Below are example submission scripts for Nimbus to illustrate the typical workflow2.

The following example can be adapted to your own needs. Typically they will be submitted from the /campaign/ storage area.

Slurm directives

Every line that starts with a #SBATCH is a directive for slurm this is where we tell slurm the resources we want for our job.
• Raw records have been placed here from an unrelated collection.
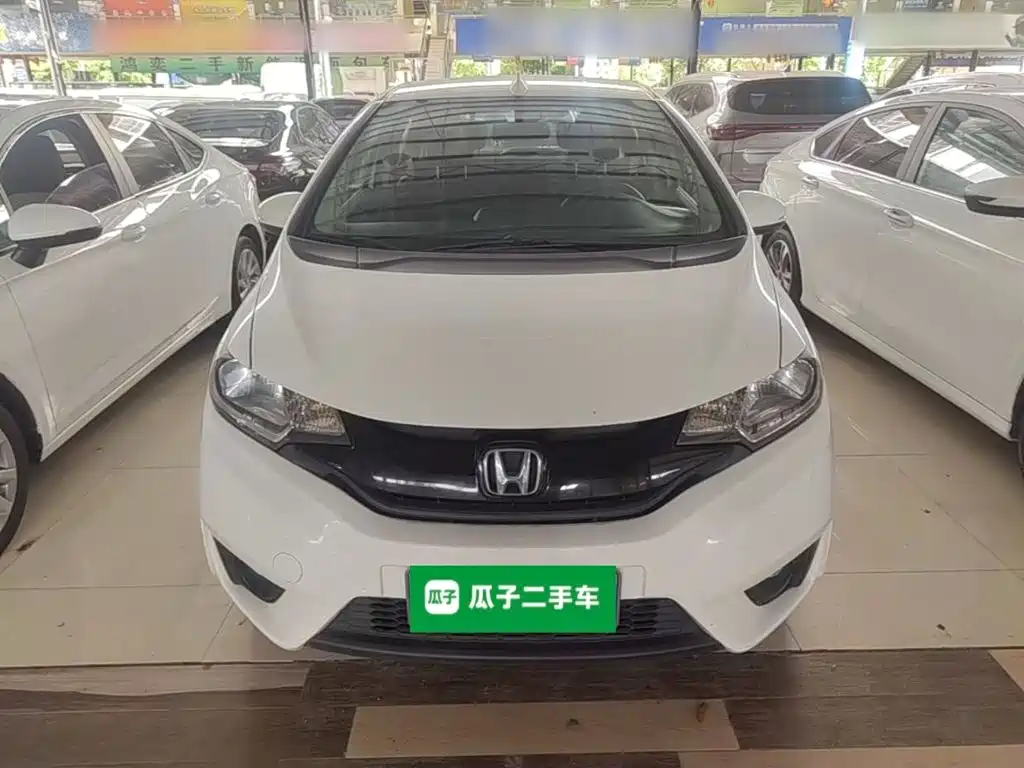 Honda Fit 2016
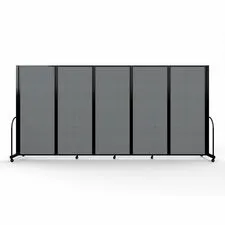 Screenflex Portable Partitions Inc-SCXFSH6105BDG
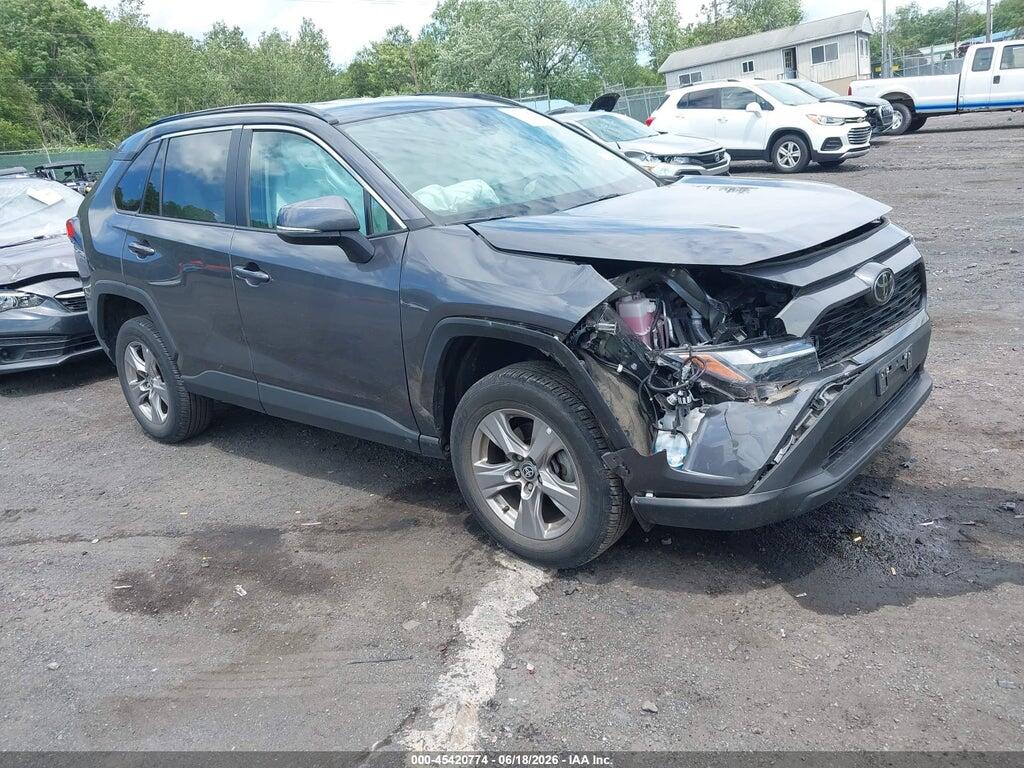 2T3P1RFVXNC295194 2022 TOYOTA RAV4 photo no. 1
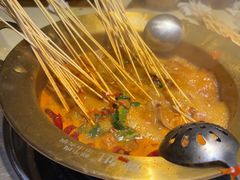-娜姐鲜牛肉串串火锅(藏龙岛店)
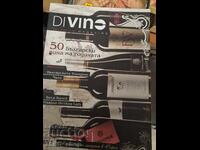 Revista di vino 50 vinuri bulgărești ale anului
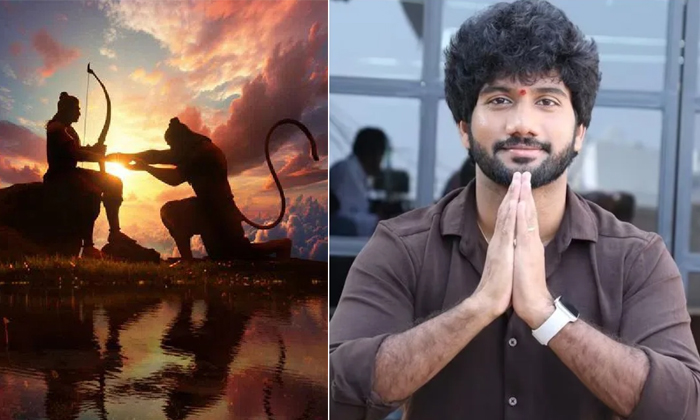 Telugu Prasanth Varma, Hanuman, Hanuman Sequel, Jai Hanuman, Prasanthvarma, Pras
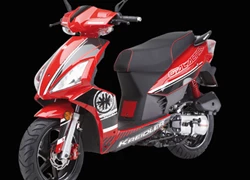 Kreidler RMC-H Galactica 125 DD Kreidler RMC-H Galactica 125 DD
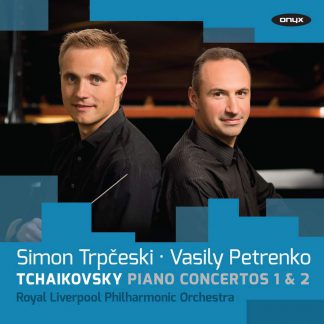 Photo No.1 of Tchaikovsky: Piano Concertos Nos. 1 & 2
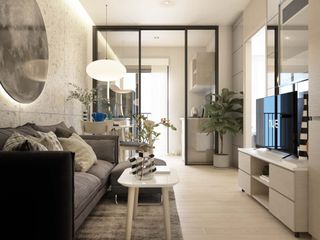 For sale 1 bed condo in Prawet, Bangkok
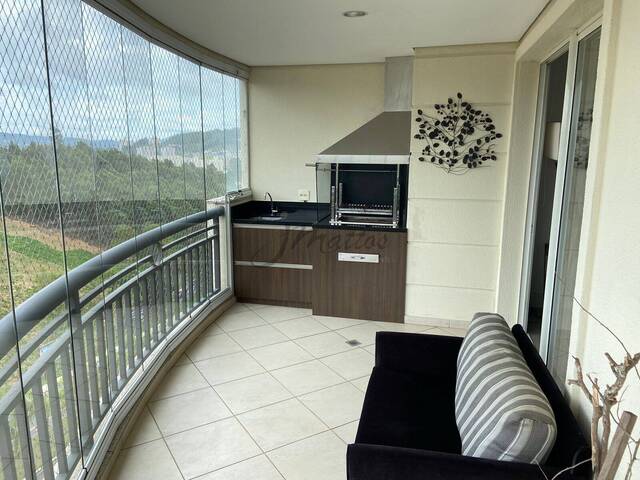 #170 - Apartamento para Venda em Santana de Parnaíba - SP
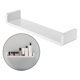 thumbnail image 1 of Organizador de de Plástico en , Estantes Flotantes con Adhesivo, Sin Taladrar para Cocina O Inodoro, en apariencia de U, Color - 47cm Yotijar Estante flotante de pared, 1 of 10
#SBATCH --account= tells slurm what account you wish to run against. The account code used in your run script #SBATCH --account=ACCOUNT_CODE should match the resource allocation you wish to run your job against. If you don't know your resource allocation code check the research computing account managemnet portal at rcam.bath.ac.uk (you need to be on the University's VPN All traffic), or ask your account administrator. or use the command sacctmgr show associations user=userid --parsable2. This command will also tell you the limits on the account, and what QOS (and partitions) you have access to.

#SBATCH --job-name= gives the job a name, which you can identify in the queue - you can call the job whatever you want that helps you to identify it.

#SBATCH --partition= tells slurm what partition to put the job on.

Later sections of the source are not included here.